Il primo tra voi sarà il servo di tutti
C’è un interessante racconto nel vangelo di Marco (Mc 10,32-45). Gesù è in cammino verso Gerusalemme; per la terza volta ha ribadito che sta andando nella città santa non per riconquistare il potere in mano alle legioni romane, non per rioccupare il trono di Davide, ma per dare la sua vita per amore.
«Gli si avvicinarono Giacomo e Giovanni, i figli di Zebedeo, dicendogli: “Maestro, vogliamo che tu faccia per noi quello che ti chiederemo”. Egli disse loro: “Che cosa volete che io faccia per voi?”. Gli risposero: “Concedici di sedere, nella tua gloria, uno alla tua destra e uno alla tua sinistra”» (Mc 10,35-37).
Gesù parla della sua morte oramai vicina, mentre Giacomo e Giovanni pensano a garantirsi un posto di visibilità e di potere. Gli altri discepoli, però, sono esattamente come loro; certo, si arrabbiano con i due fratelli, ma in fondo la pensano allo stesso modo, e se protestano lo fanno solo per gelosia.
Anche noi, oggi, stiamo vivendo una stagione difficile di solidarietà inaridita, di narcisismo diffuso, di individualismo asfissiante. È “normale” mettere al centro il proprio io, rinchiudersi in una specie di fortezza inaccessibile a salvaguardia del proprio benessere e tornaconto, dove l’avere ha sempre la precedenza sul dare. In questo modo, però, nessuna relazione può funzionare: non in famiglia, non con gli amici, non in comunità, tantomeno con Dio.
Per il vangelo, stare alla destra e alla sinistra di Cristo significa occupare i due posti vicino a lui sul Golgota, rimanendo dalla sua parte sia quando è voce di Dio e sollievo concreto per i poveri sia quando è “un disarmato amore” che vive l’impotenza[6].
Stare alla destra e alla sinistra di Gesù significa bere alla coppa di chi ama per primo, di chi ama in perdita, senza contare e senza calcolare.
Per riassumere tutta la vicenda di Gesù, a S. Paolo bastano poche battute: «Egli, pur essendo nella condizione di Dio, non ritenne un privilegio l’essere come Dio, ma svuotò se stesso assumendo una condizione di servo, diventando simile agli uomini. (Fil 2,6-7).
Scrive mons. Francesco Lambiasi:
La spiritualità del servizio è il vaccino più efficace contro il morbo di Ego. È una spiritualità di buona lega, nella Chiesa e nella società. Eppure oggi sembrano circolare più dichiarazioni di servizio che veri servi. Il servo, secondo il vangelo, è uno che scrive sulla sabbia quello che dona e incide sulla pietra quello che riceve[7].

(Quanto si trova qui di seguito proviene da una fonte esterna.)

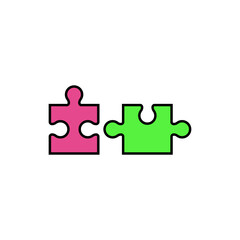 Two separate puzzle pieces. Color vector elements and parts.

[1] Angela Merkel, Discorso di fine mandato in Corriere della sera, 3 dicembre 2021.
[2] Massimo Nardello, La leadership nella Chiesa/1, in SettimanaNews, 27 settembre 2020.
[3] Martin Buber, Il cammino dell’uomo, Qiqajon, Magnano (BI) 1990, 46.
[4] La dimensione della coerenza tra parola e vita è già stata tematizzata in L’arte dell’omelia, Presbyteri 5(2021).
[5] Cfr. Massimo Nardello, La leadership nella chiesa/2, in SettimanaNews, 4 novembre 2020.
[6] François Fénelon, L’amore disarmato. Antologia dalle lettere, a cura di B. Papasogli, Paoline, Milano 1996.
[7] Francesco Lambiasi, Servi del Servo, Omelia per la Conferenza Nazionale Animatori R.n.S., Rimini 29 ottobre 2010.